The utility was likely to impress upon Treasury that some form of direct support from its shareholder was now urgent if some of its key financial ratios - particularly its interest cover - were to be safeguarded, especially in light of the lower-than-requested tariff increase from the regulator.
It would also assert that such direct shareholder support was now essential for sustaining its credit standing, and would warn that if this was allowed to weaken it would not only increase its overall cost of capital, but would also limit its market access, given that many financial institutions were governed by mandates that disallowed them from lending to institutions with less than a BBB+ rating.
RATIOS UNDER STRAIN
Nqwababa insisted that its ratios would come under increasing strain over the next few years, owing to the fact that costs (associated both with its large-scale capital programme as well as surging primary energy prices) would not be fully recouped by anticipated tariff increases.
Last year, the utility approached the National Energy Regulator of South Africa (Nersa) to reopen the current three-year tariff determination, which was meant to run until the end of March next year, and submitted a request for an 19% increase in 2008/9, followed by 18% in the subsequent financial year. But on December 20, Nersa announced that it had agreed to grant an effective tariff increase of 14,2% as from April 1, 2008, and gave no indication beyond the time horizon of the current multiyear tariff determination.

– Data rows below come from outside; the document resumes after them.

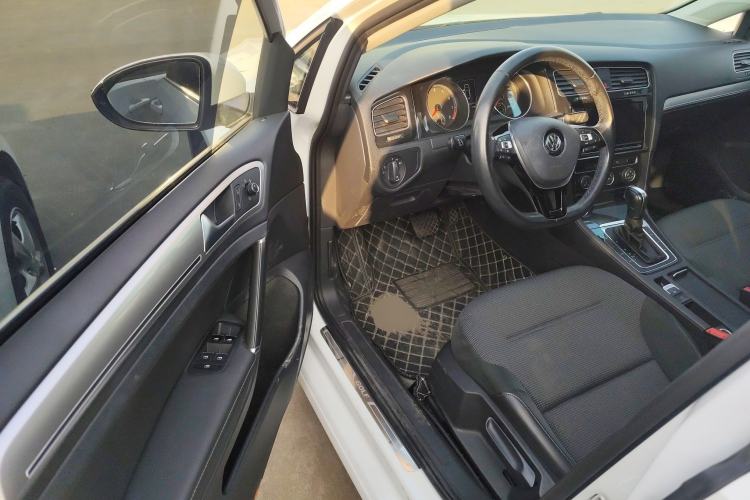 Used Volkswagen Golf 2019 1.6L Automatic Comfort Model China V Standard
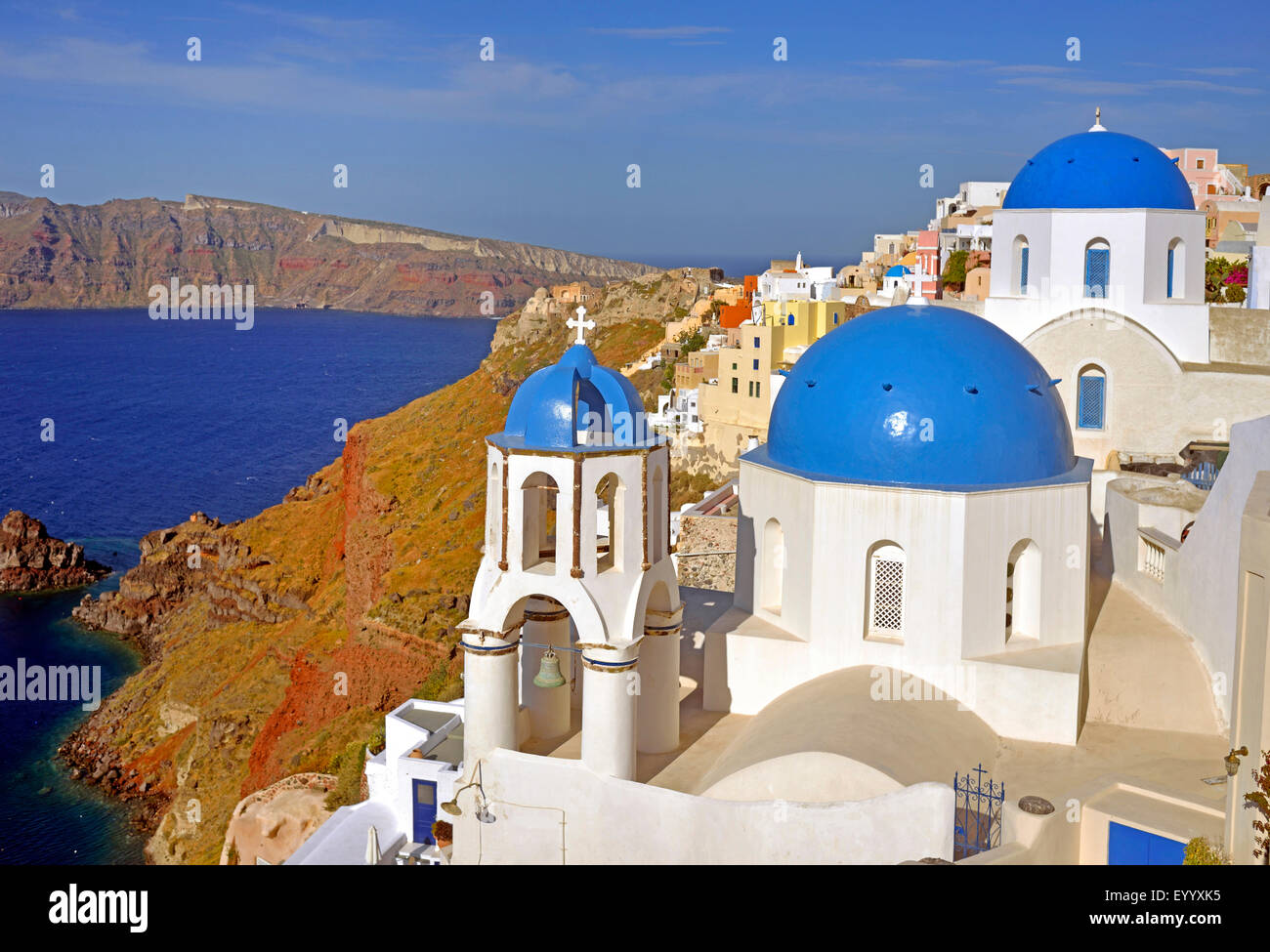 La chiesa nel villaggio di Oia, Grecia CICLADI, Santorin Foto Stock La chiesa nel villaggio di Oia, Grecia CICLADI, Santorin Foto Stock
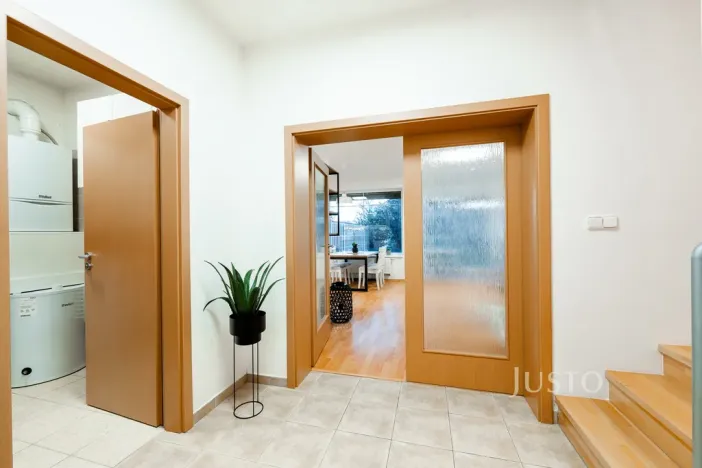 Prodej rodinného domu, Praha, Na plužině, 158 m2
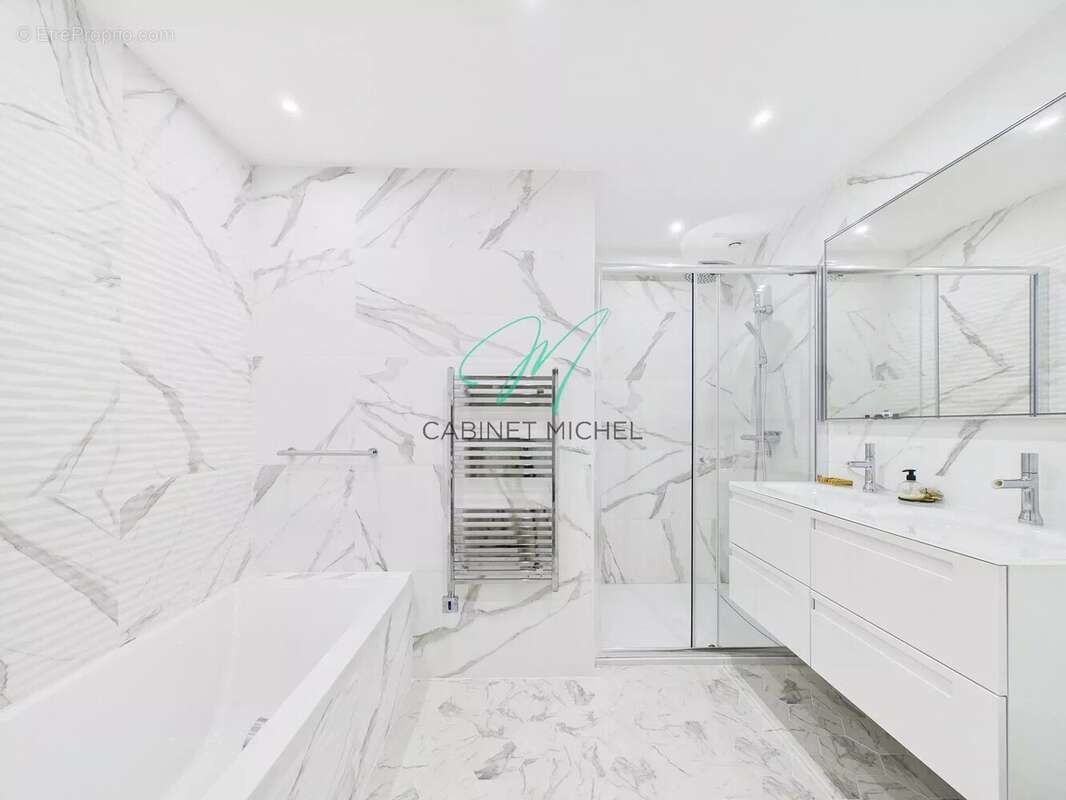 Appartement à MANDELIEU-LA-NAPOULE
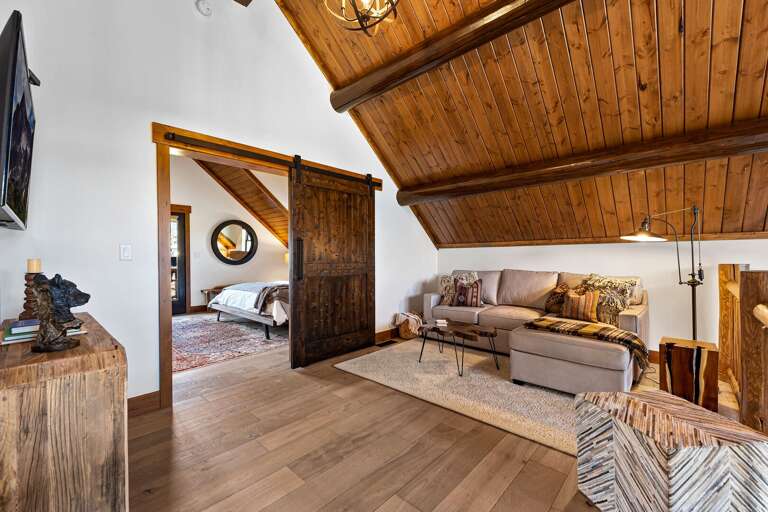 Loft area with 50 inch smart TV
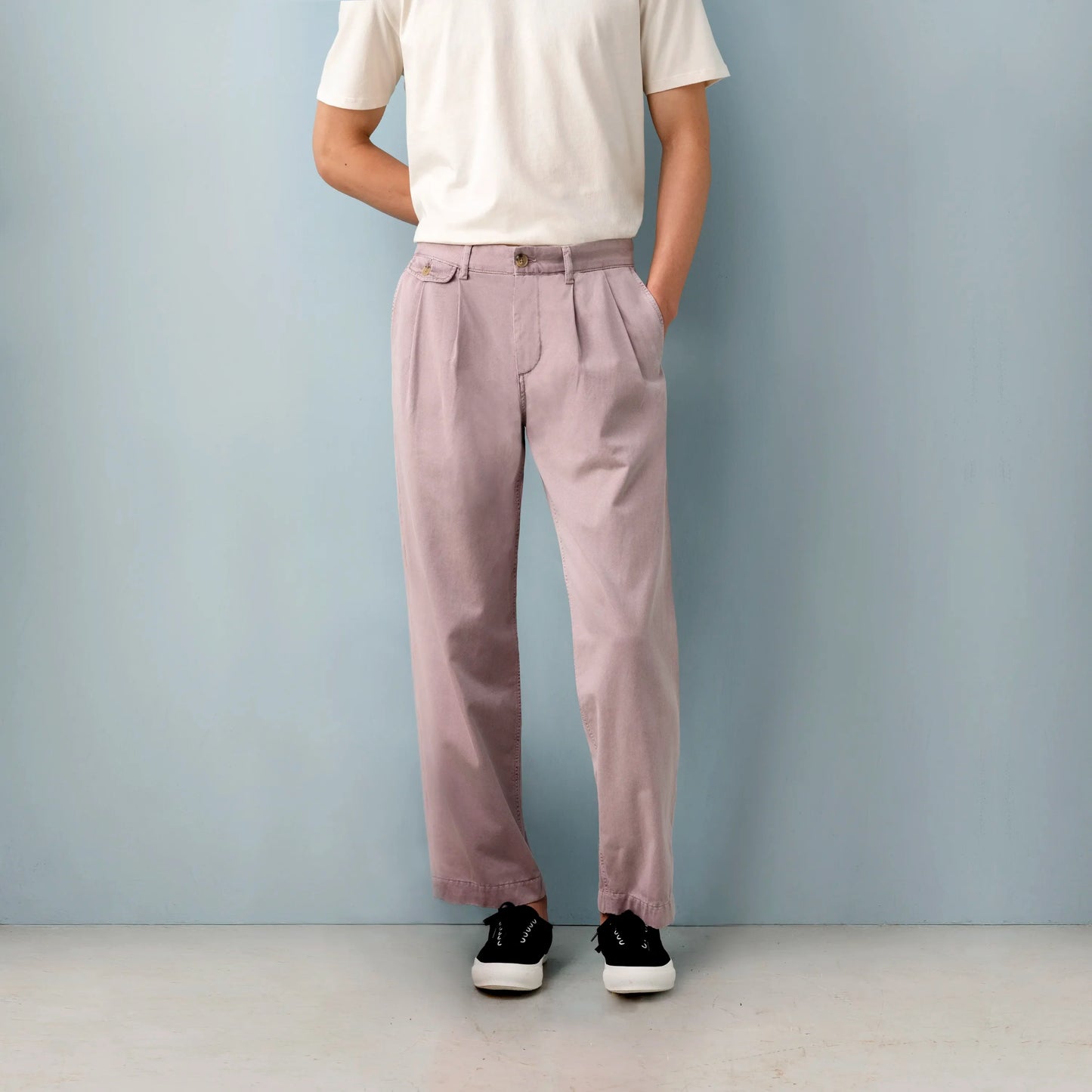 Lightweight Baggy Chinos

Then, last week, Standard & Poor's issued a ratings update, which noted that Eskom's ‘A-' local currency and ‘BBB+' foreign currency ratings had been placed on ‘Credit Watch Negative' from ‘Stable'. The agency indicated that it required greater clarity both on government's support as the shareholder, as well as Eskom's funding plan.
SHAREHOLDER SUPPORT LIKELY TO BE REQUIRED
Nqwababa told Engineering News that the utility was in the process of reformulating its funding plan for the five-year financial period 2008/9 to 2012/13, which would be placed before its executive committee as well as the board later this month.
The review was believed to focus mainly on the capital programme, which was likely to be substantially higher than the R150-billion projected for the five-year period from 2006/7. Further, conditions within the local and offshore capital markets, which had also become less attractive, owing to the subprime-linked banking crisis in the US, would be taken into account.
For that reason, the initial so-called ‘50-50-50' funding plan, aimed at raising R50-billion from each of the domestic and offshore capital markets, while funding the balance off-balance sheet, was being reviewed.
Nqwababa refused to comment on the likely content of the new plan save to say that Eskom would probably not be as aggressive in approaching offshore markets, given the fact that prices had become increasingly unattractive once currency hedging was taken into account. And, given that the ratings agencies would frown on a package that emphasised increased levels of debt, drawing on the State, as Eskom's sole shareholder, looked increasingly inevitable.
Nqwababa revealed that it had been engaging the DPE on the matter for some time, but that it was now necessary to accelerate discussions with the National Treasury, whose approval would be required before the matter could be taken to Cabinet.
"Given the urgency of the matter, I believe we need to have this resolved within the next three months," Nqwababa said, adding that it was too early to gauge what Treasury's reaction would be. He said the fact that South Africa was running a Budget surplus at least made the conversation about support possible.